To use the STDIZE procedure in SASPy we need to specify the method and the output data set in the statement options. For this we use the "procopts" option and we specify range as our method and our "out" option to a new SAS data set, afternorm.

After running the STDIZE procedure we assign the new data set into a SAS data object.

norm_data = sas.sasdata('afternorm', libref='SASuser')

Now let's verify if we were successful in transforming our numerical features

norm_data.head(obs=5)


 

 

 

 

 
The output looks great! You have normalized the numerical features. So, it's time to tackle the last data-preparation step.

One-Hot Encoding

Now that you have adjusted the numerical features, what do you do with the categorical features? The categories Relationship, Race, Sex, and so on are in string format. Statistical models cannot interpret these values, so you need to transform the values from strings into a numerical representation. The one-hot encoding process provides the transformation you need for your data.

To use one-hot encoding, use the LOGISTIC procedure from the SASPy Stat class. SASPy natively includes the LOGISTIC procedure, so you can go straight to coding. To generate the syntax for the code below, I followed the instructions from Usage Note 23217: Saving the coded design matrix of a model to a data set.

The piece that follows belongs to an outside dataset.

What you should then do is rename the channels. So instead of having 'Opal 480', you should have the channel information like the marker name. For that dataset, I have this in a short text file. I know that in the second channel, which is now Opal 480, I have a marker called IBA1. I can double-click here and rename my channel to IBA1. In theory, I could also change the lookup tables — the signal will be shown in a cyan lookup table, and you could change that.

stat_proc_log = stat.logistic(data=norm_data, procopts='outdesign=SASuser.test1 outdesignonly',
            cls = "workclass education_level marital_status occupation relationship race sex native_country / param=glm",
	    model = "age = workclass education_level marital_status occupation relationship race sex native_country / noint")

To view the results from this code, create a SAS data object from the newly created data set, as shown in this example:

one_hot_data = sas.sasdata('test1', libref='SASuser')
display(one_hot_data.head(obs=5))

The output:

 

 

 

 

Our data was successfully one-hot encoded! For future reference, due to SAS’ analytical power, this step is not required. When including a categorical feature in a class statement the procedure automatically generates a design matrix with the one-hot encoded feature. For more information, I recommend reading this post about different ways to create a design matrix in SAS.

Finally

You made it to the end of the journey! I hope everyone who reads these blogs can see the value that SASPy brings to the machine-learning community. Give SASPy  a try, and you'll see the power it can bring to your SAS solutions.

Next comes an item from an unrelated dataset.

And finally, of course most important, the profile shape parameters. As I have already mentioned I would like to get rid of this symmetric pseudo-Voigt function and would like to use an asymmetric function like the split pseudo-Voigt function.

Stay curious, keep learning, and (most of all) continue innovating.

Machine Learning with SASPy: Exploring and Preparing your data - Part 3 was published on SAS Users.

12月 122019
 

Bringing the power of SAS to your Python scripts can be a game changer. An easy way to do that is by using SASPy, a Python interface to SAS allowing Python developers to use SAS® procedures within Python. However, not all SAS procedures are included in the SASPy library. So, what do you do if you want to use those excluded procedures? Easy! The SASPy library contains functionality enabling you to add SAS procedures to the SASPy library. In this post, I'll explain the process.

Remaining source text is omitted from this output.